Bagaimanapun, tidak dimungkiri iklan pun bisa gagal diterima warganet dan mengganggu citra kreator. Analis merek Morning Consult, Ellyn Briggs, mengatakan, risiko itu memang bukan hal baru.
Meski demikian, saat ini, ia justru melihat, penonton atau pengikut setia bisa tetap menaruh kepercayaan besar pada pembuat konten setelah iklan yang mereka dibawakan direspons negatif. ”Kreator hanya perlu kembali berkreasi untuk menjangkau pemirsanya lagi,” kata Briggs.
Tak tergantung pengikut
Kreativitas pada kreator konten dinilai akan terus dicari dan dinanti pengguna media sosial. Briggs melihat, apresiasi warganet terhadap kreator konten muncul karena pengguna media sosial semakin sedikit mengunggah konten mereka sendiri di akun pribadi.
Keterikatan warganet terhadap akun atau kreator konten juga dinilai tidak melulu dilihat dari jumlah pengikut.
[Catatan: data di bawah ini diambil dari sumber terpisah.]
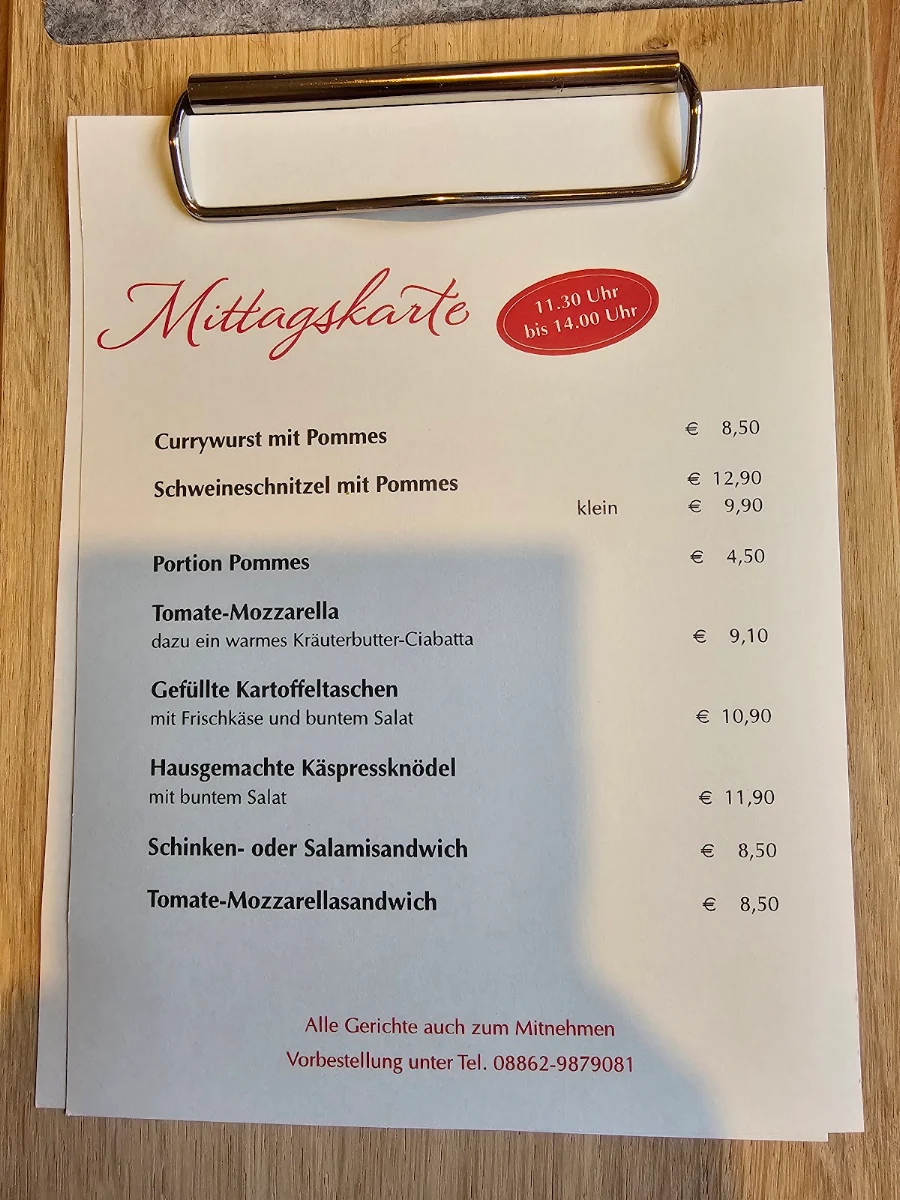Speisekarte photo 1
Dari kacamata pengiklan, baik kreator yang memiliki sedikit pengikut maupun banyak pengikut mempunyai peluang baik untuk menarik perhatian dengan hasilnya berbeda.
Akun dengan jumlah pengikut menengah cenderung lebih kuat ikatannya dengan kreator. Sementara akun dengan pengikut besar bisa memberi jangkauan pasar yang luas.
”Saya rasa, kita bisa secara resmi mengatakan bahwa pada tahun 2024 penggunaan jumlah pengikut untuk menentukan potensi kesuksesan seorang pemengaruh atau kreator konten sudah tidak berlaku,” ujar Wakil Presiden Manajemen Pemasaran Kreator Grin, Ali Fazal, dilansir dari Marketing Dive.
Hikmahnya, kreator konten dapat terus membuat karya orisinil tanpa perlu mengejar target jumlah pengikut, karena itu termasuk jumlah keuntungan atau cuan akan indah pada waktunya.